* [WHAT IS EXPECTED]: With the pictures left out, restate exactly the part below that opens with the line containing "Play-doh Slime Variety 6pk : Target" and closes with the line containing "(Silver)Uv Flashlight For".

* [LISTED RECORDS]:
- Opening Delimiter -
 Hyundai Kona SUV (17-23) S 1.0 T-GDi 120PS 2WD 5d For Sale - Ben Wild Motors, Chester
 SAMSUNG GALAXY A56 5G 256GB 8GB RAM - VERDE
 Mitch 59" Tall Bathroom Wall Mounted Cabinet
- Closing Delimiter -
- Opening Delimiter -
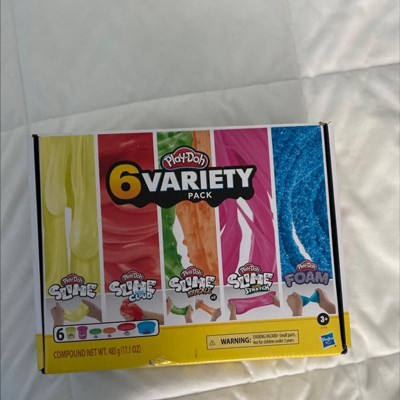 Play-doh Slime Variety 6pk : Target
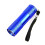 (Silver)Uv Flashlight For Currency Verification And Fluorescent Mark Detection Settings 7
- Closing Delimiter -
* [TASK ANSWER]:
 Play-doh Slime Variety 6pk : Target
 (Silver)Uv Flashlight For Currency Verification And Fluorescent Mark Detection Settings 7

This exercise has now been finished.